Também vizinho do Miljacka, o Museu Nacional começa na própria rua com as seculares pedras tumulares no relvado em frente ao edifício de arquitectura austro-húngara, porque aqueles mortos chegaram ali antes do museu, não fosse a relação dos túmulos com o corpo vivo da cidade umas das características mais fascinantes e únicas de Sarajevo. Poucas centenas de metros à frente, páro quase sempre no pequeno "parque das pedras" onde me interpela a estátua rectlínea de Djuro Djakovic (comunista morto em 1929), não só porque parece que ele se abraça a si próprio - o que é algo intrigante - mas porque a estátua tem algumas marcas de balas que, provavelmente, vão perdurar mais tempo na pele da escultura do que aqueles buracos na fachada de um prédio ali não muito longe.
Foi numa das pontes desta zona onde, a 5 de Abril de 1992, morreram Suada Dilberovic e Olga Sucic atingidas por um snipper, no meio de uma grande manifestação pela paz. É considerado o primeiro dia do cerco. No chão, numa ponte vizinha, alguém desenhou dois quadrados e escreveu "LUGAR PARA BEIJOS", enquanto a tinta vermelha das rosas de Sarajevo - intervenção artística que marcava lugares manchados de sangue - se vai apagando. Mas quem conhece, identifica logo a calçada de asfalto arranhada pela vida que provavelmente caíu ali, aos nossos pés. E lá muito de vez em quando, ainda desponta um borrão em que a tinta vermelha permanece, para nos lembrarmos como são bons os lugares para os beijos. Into my arms, oh Sarajevo!
Ser criança agora!
Vai engrossando o rio humano que é o nosso 3, meia cidade deambulando dentro do eléctrico, entre Ilidza e Bascarsija. Próxima estação: Teatro Nacional. Foi na actual praça Susan Sontag que a intelectual norte-americana, com Haris Pasovic, encenou À espera de Godot, no Festival de Teatro e Cinema de Sarajevo, em 1993.

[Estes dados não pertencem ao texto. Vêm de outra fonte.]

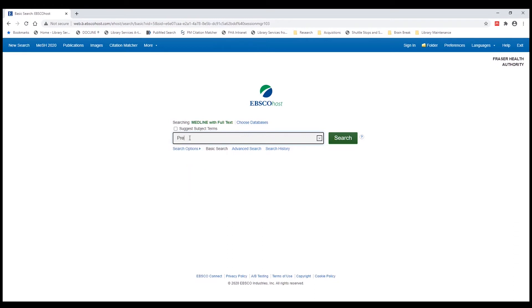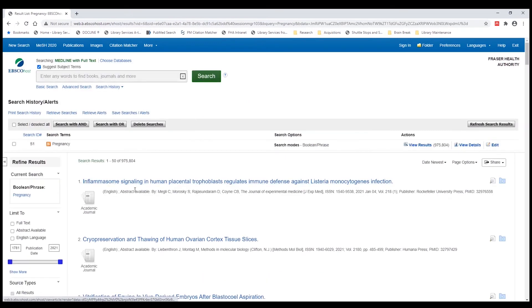In our instance we're going to search for pregnancy. We can see this list of results.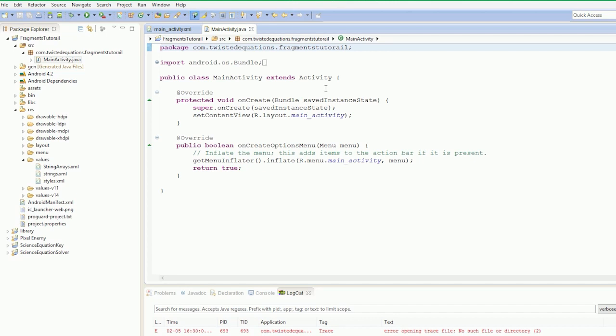Welcome back to Fragments Revisited. This is going to be part 2, and what we're going to do in this video is go through the Fragment Life Cycle.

Serpenteando de novo o rio, ao lado da sinagoga, é impossível não reparar no Papagaio, edifício socialista-tropical (deve ter sido uma inspiração não-alinhada), logo seguido de uma pequena mesquita. De olhos por cima do mapa, é possível descobrir algumas cruzes cristãs em latitudes próximas, mais ou menos escondidas do horizonte visual. E eis-me no jardim do pavilhão musical, onde sempre me sento a tomar um café, desta vez a imaginar a escritora Alexandra Lucas Coelho a conversar aqui com uma das suas personagens de Ž, conto passado entre Belgrado e Sarajevo, que saiu no PÚBLICO a 17 de Maio de 2015.
Recordo uma personagem de Alexandra que se lembrava da infância passada numa cave-bunker-escola. Havia uma bicicleta parada e ele e a mãe — o pai estava na linha da frente — pedalavam para produzirem energia para um rádio dar notícias, cinco minutos que fosse. E talvez ouvissem, efabulo, a lendária rádio Zid do não menos lendário Zdravko Grebo. Podia estar a passar aquela cassete — ou seria uma bobine? — do primeiro concerto internacional do cerco, em 1993, quando depois de Imagine de John Lenon, Joan Baez cantou Sarajevo, ljubavi moja, a melodia de Monteno, original que corre agora em fundo nas colunas do café.